*Work task*:
Repeat the data that follows verbatim. Images are not part of the copy.
(Given entries)
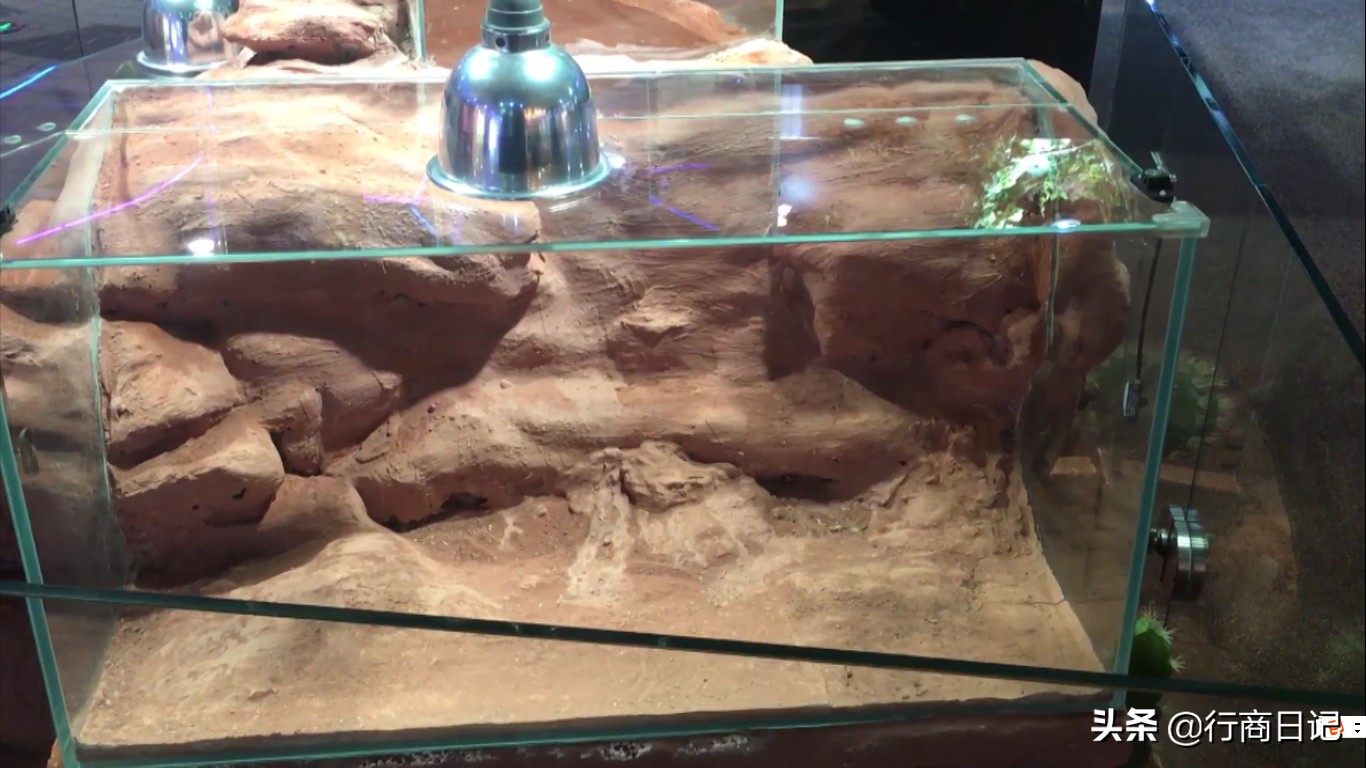 转一转：西单华威商场的潮铺街和约饭街，青春的味道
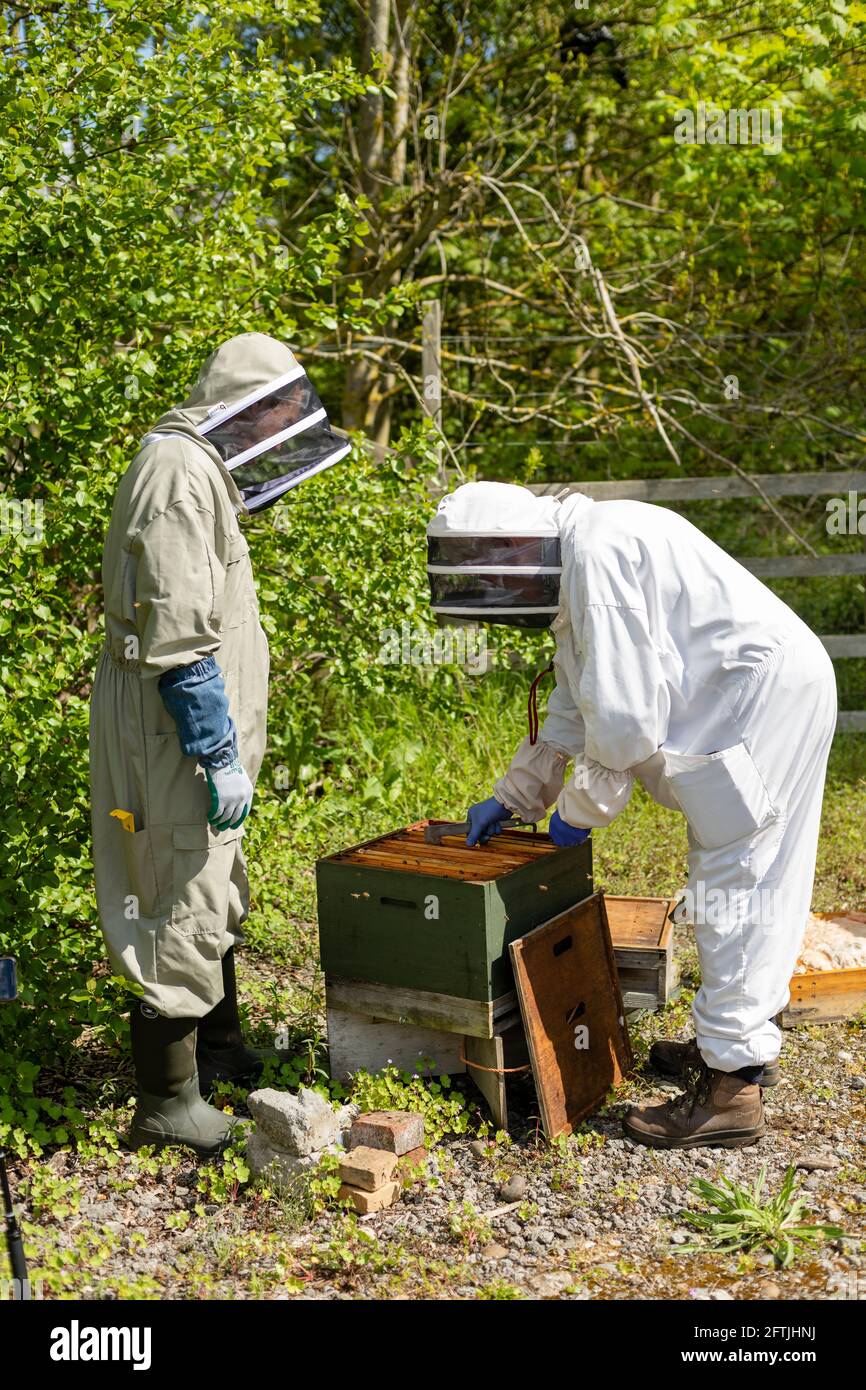 Two beekeepers in white and olive bee suits opening a bee hive for an inspection, handling bee's, checking the hive, bee inspection, bee keeper duties Stock Photo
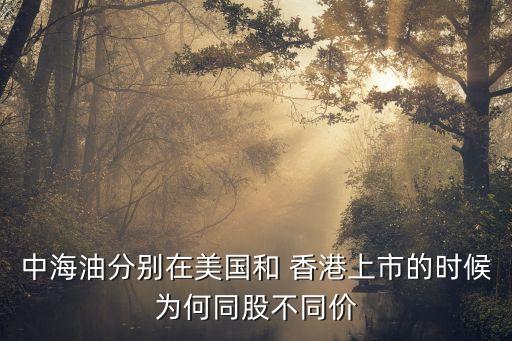 中海油分別在美國和 香港上市的時(shí)候?yàn)楹瓮刹煌瑑r(jià)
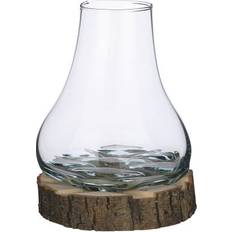 Vasen Mica Decorations Terrarium transparent transparent Vase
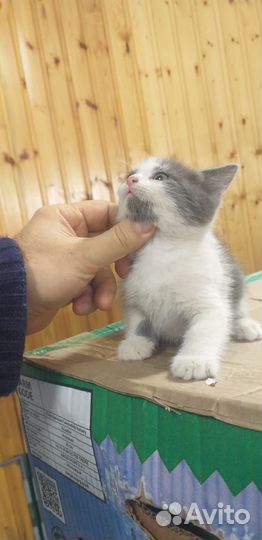 Котята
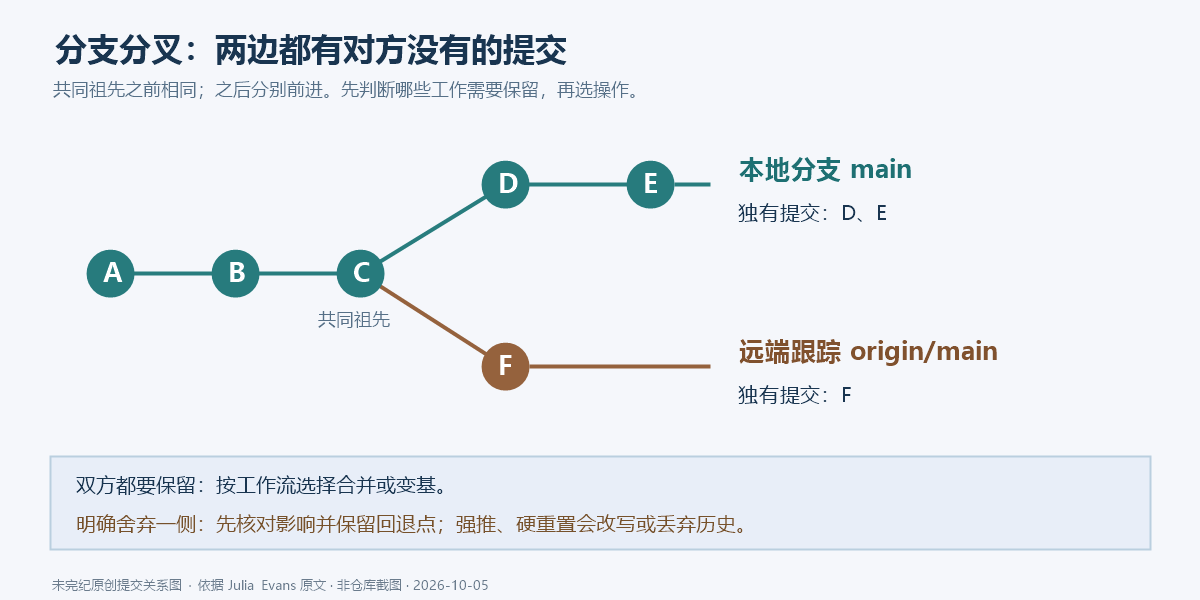 本地与远端从共同提交 C 分成两条路径,本地多出 D、E,远端多出 F;合并或变基保留双方,强推或重置会舍弃一侧分支历史。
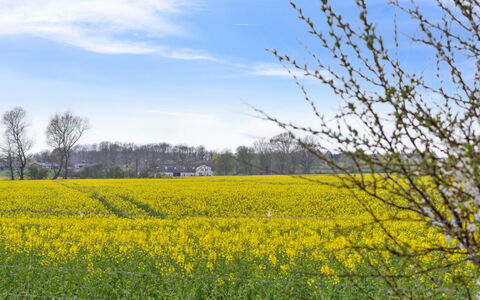 Malfred - 500M from the Sea: Plantengemeenschap, Zonlicht, Kruidachtige Plant, Tuin, Plantage, Landbouw, Boerderij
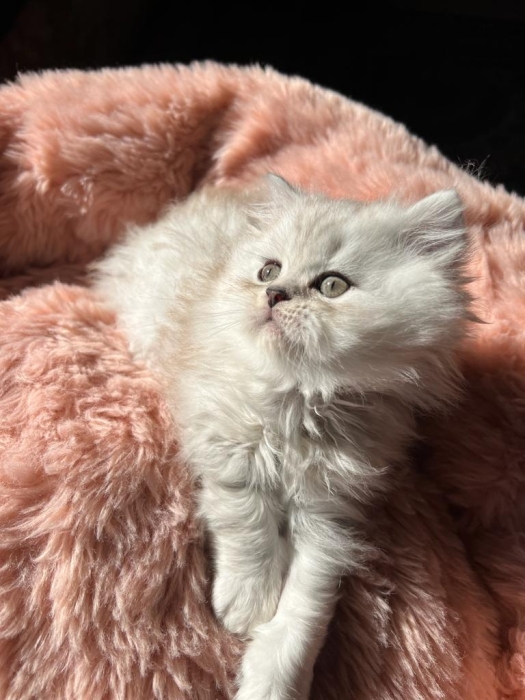 Scottish straight mâle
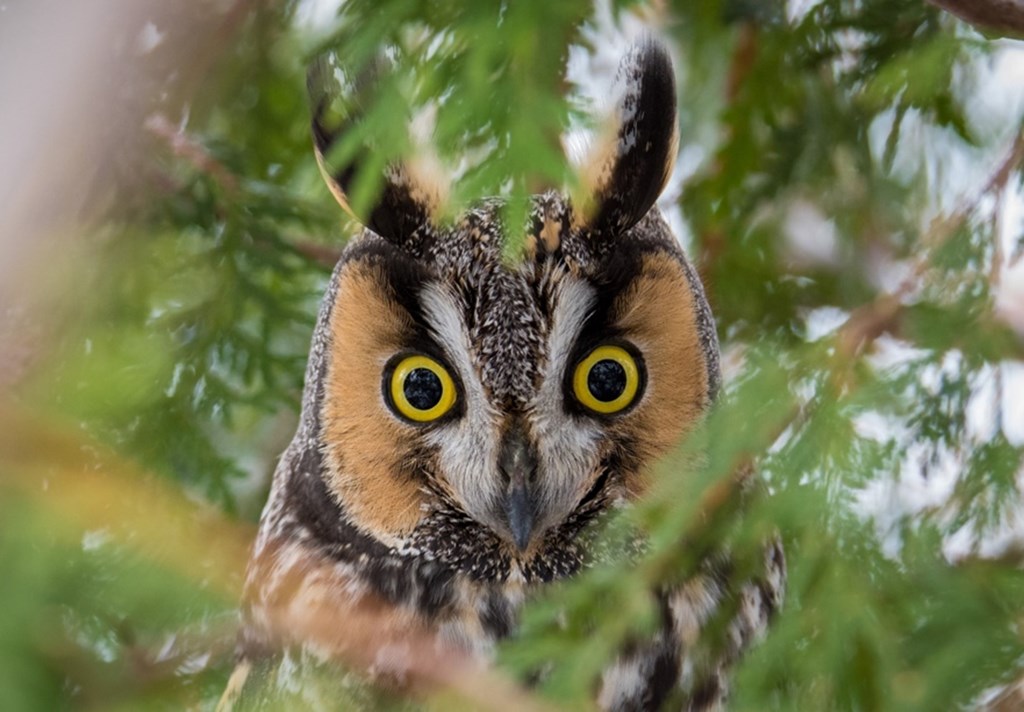 Great Horned Owl Ears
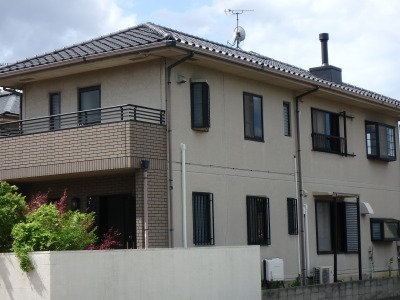 sP4261550.jpg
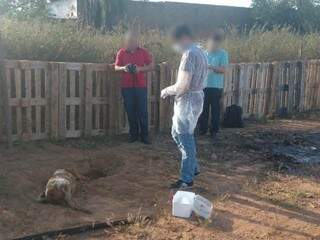 Policiais civis acompanharam exumação dos corpos de três cachorros (Foto: Divulgação)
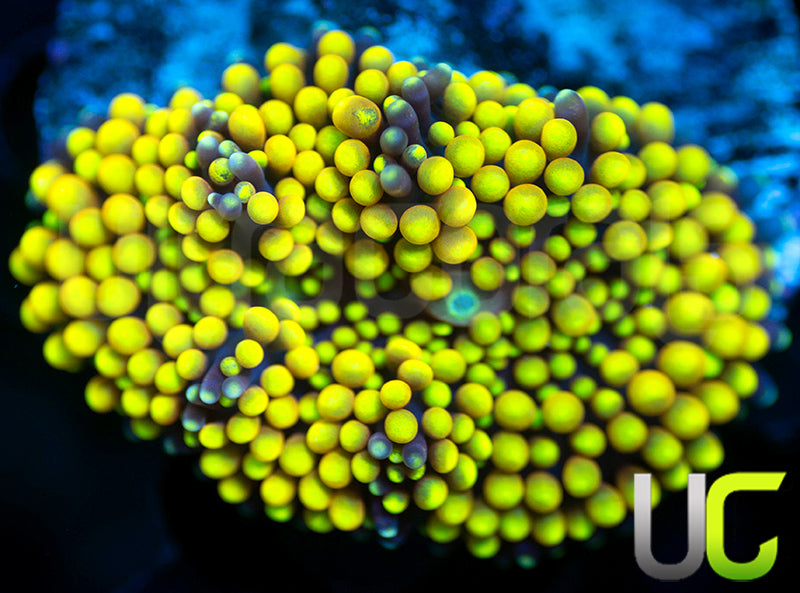 UC True Yellow Florida Ricordea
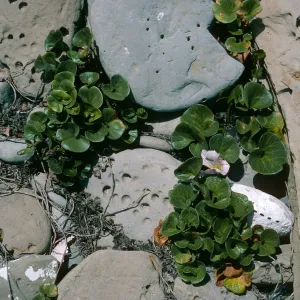 San Nicolas Island, Calystegia soldanella, West end of Red Eye Beach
(End Given entries)
*Output for this exercise*:
 转一转：西单华威商场的潮铺街和约饭街，青春的味道
 Two beekeepers in white and olive bee suits opening a bee hive for an inspection, handling bee's, checking the hive, bee inspection, bee keeper duties Stock Photo
 中海油分別在美國和 香港上市的時(shí)候?yàn)楹瓮刹煌瑑r(jià)
 Vasen Mica Decorations Terrarium transparent transparent Vase
 Котята
 本地与远端从共同提交 C 分成两条路径,本地多出 D、E,远端多出 F;合并或变基保留双方,强推或重置会舍弃一侧分支历史。
 Malfred - 500M from the Sea: Plantengemeenschap, Zonlicht, Kruidachtige Plant, Tuin, Plantage, Landbouw, Boerderij
 Scottish straight mâle
 Great Horned Owl Ears
 sP4261550.jpg
 Policiais civis acompanharam exumação dos corpos de três cachorros (Foto: Divulgação)
 UC True Yellow Florida Ricordea
 San Nicolas Island, Calystegia soldanella, West end of Red Eye Beach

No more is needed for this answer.